● HOW TO COMPLETE THIS TASK
An exact copy of every record is needed, with the pictures left out.

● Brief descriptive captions
────────────────────────────────────────

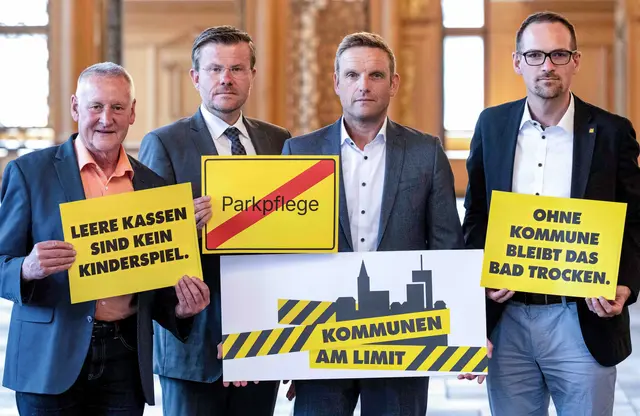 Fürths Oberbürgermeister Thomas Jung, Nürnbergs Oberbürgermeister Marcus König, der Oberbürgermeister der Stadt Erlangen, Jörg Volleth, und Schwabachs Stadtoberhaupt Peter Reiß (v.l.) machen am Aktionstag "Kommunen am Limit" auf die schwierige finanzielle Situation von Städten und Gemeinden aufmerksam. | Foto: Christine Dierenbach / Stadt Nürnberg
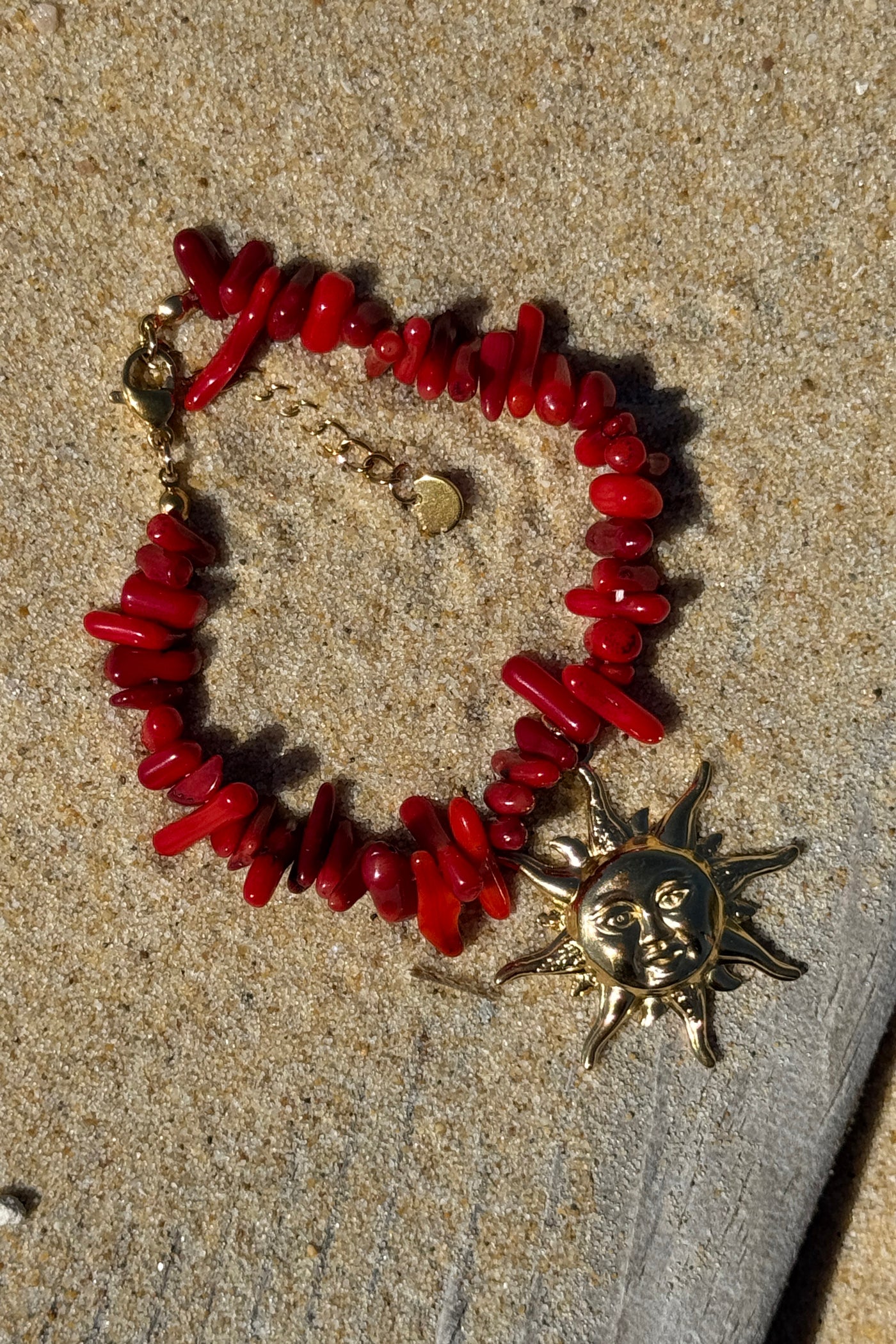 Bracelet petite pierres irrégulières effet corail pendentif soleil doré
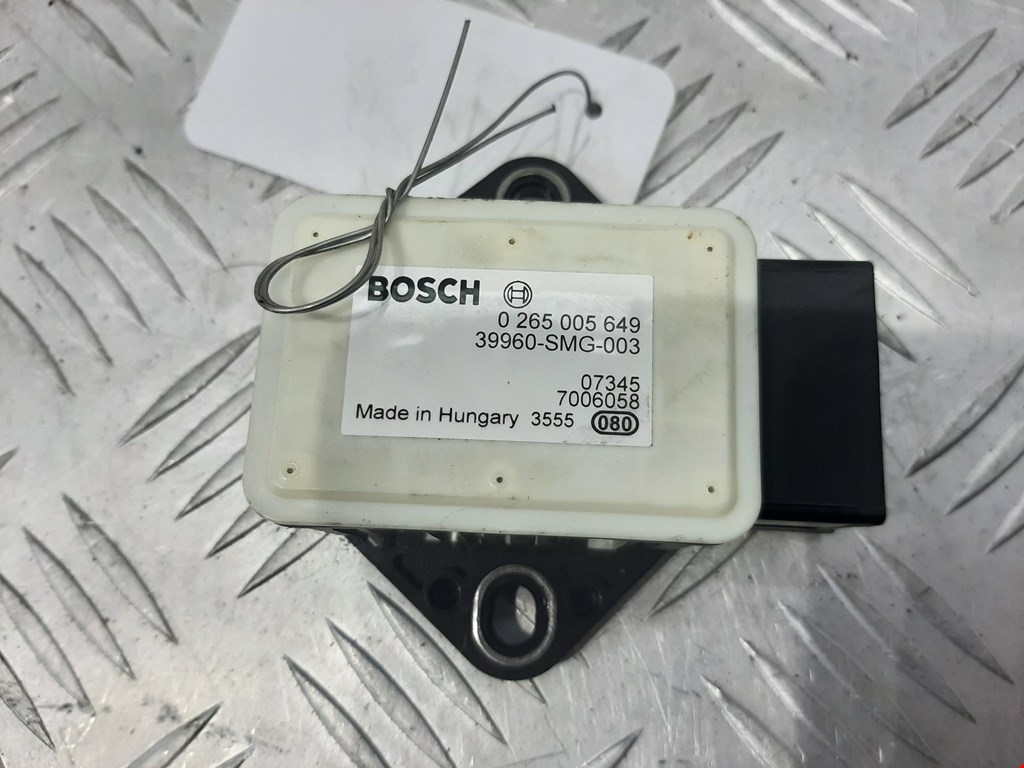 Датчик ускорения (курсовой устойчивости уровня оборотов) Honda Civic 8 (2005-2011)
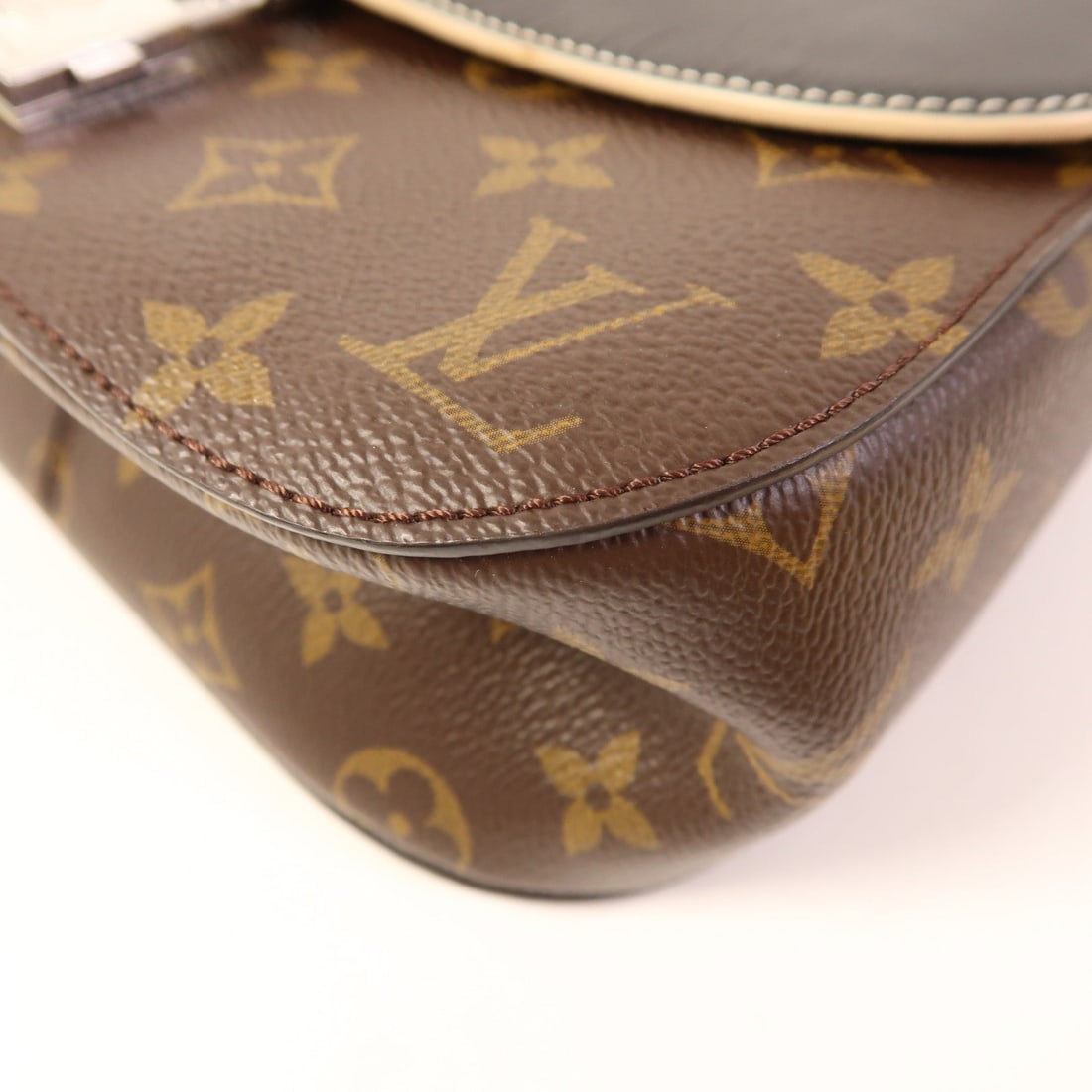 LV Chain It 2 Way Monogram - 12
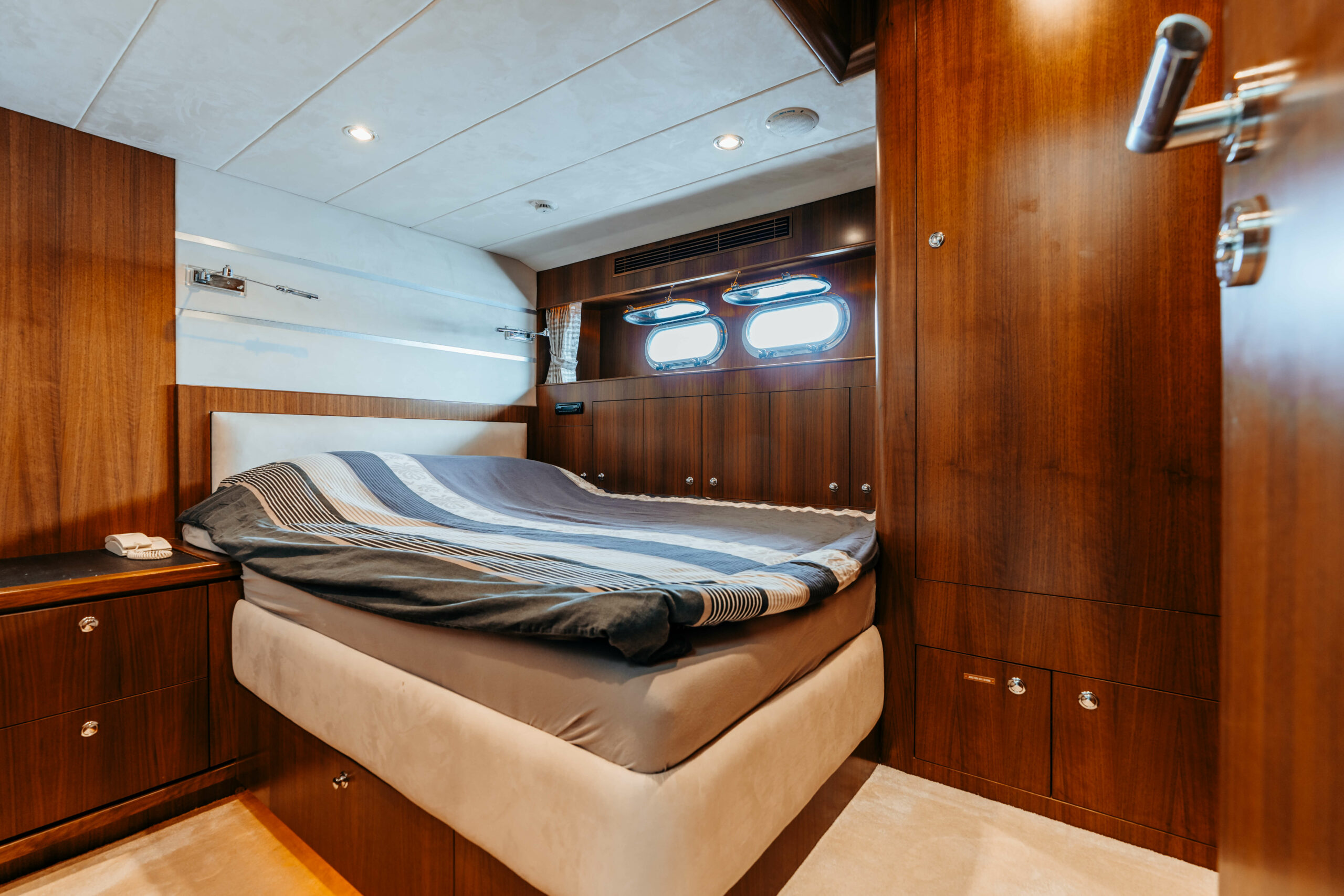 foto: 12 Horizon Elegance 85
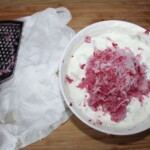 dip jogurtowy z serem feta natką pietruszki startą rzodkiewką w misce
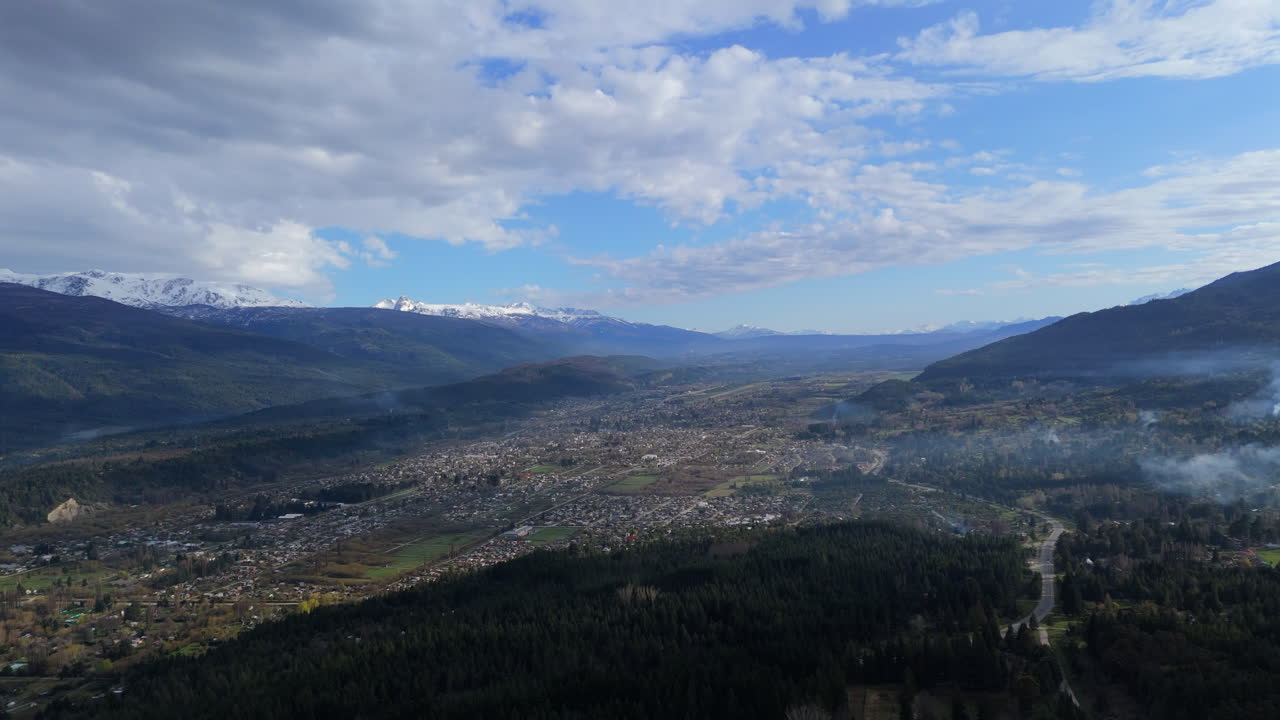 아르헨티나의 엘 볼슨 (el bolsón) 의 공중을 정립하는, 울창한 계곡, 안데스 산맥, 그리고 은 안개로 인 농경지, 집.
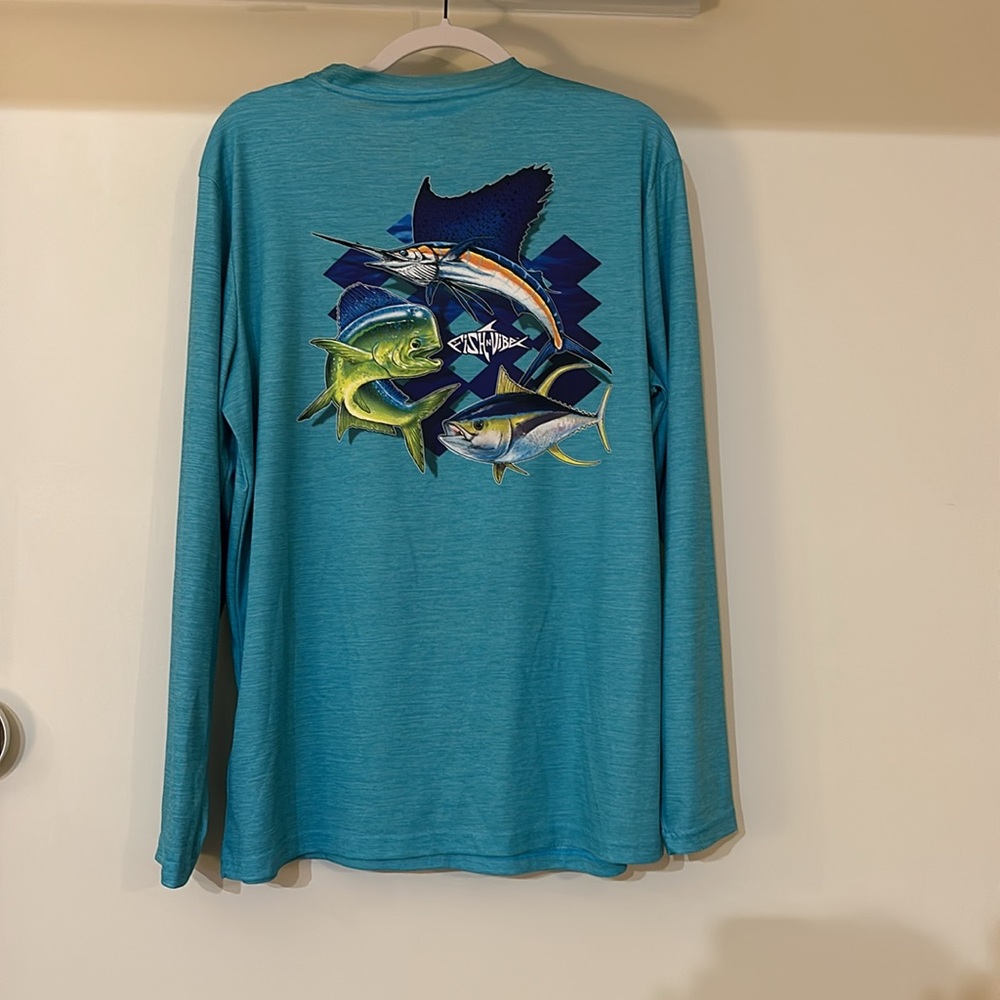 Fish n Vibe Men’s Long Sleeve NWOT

────────────────────────────────────────

● RESULT OF THE EXERCISE
 Fürths Oberbürgermeister Thomas Jung, Nürnbergs Oberbürgermeister Marcus König, der Oberbürgermeister der Stadt Erlangen, Jörg Volleth, und Schwabachs Stadtoberhaupt Peter Reiß (v.l.) machen am Aktionstag "Kommunen am Limit" auf die schwierige finanzielle Situation von Städten und Gemeinden aufmerksam. | Foto: Christine Dierenbach / Stadt Nürnberg
 Bracelet petite pierres irrégulières effet corail pendentif soleil doré
 Датчик ускорения (курсовой устойчивости уровня оборотов) Honda Civic 8 (2005-2011)
 LV Chain It 2 Way Monogram - 12
 foto: 12 Horizon Elegance 85
 dip jogurtowy z serem feta natką pietruszki startą rzodkiewką w misce
 아르헨티나의 엘 볼슨 (el bolsón) 의 공중을 정립하는, 울창한 계곡, 안데스 산맥, 그리고 은 안개로 인 농경지, 집.
 Fish n Vibe Men’s Long Sleeve NWOT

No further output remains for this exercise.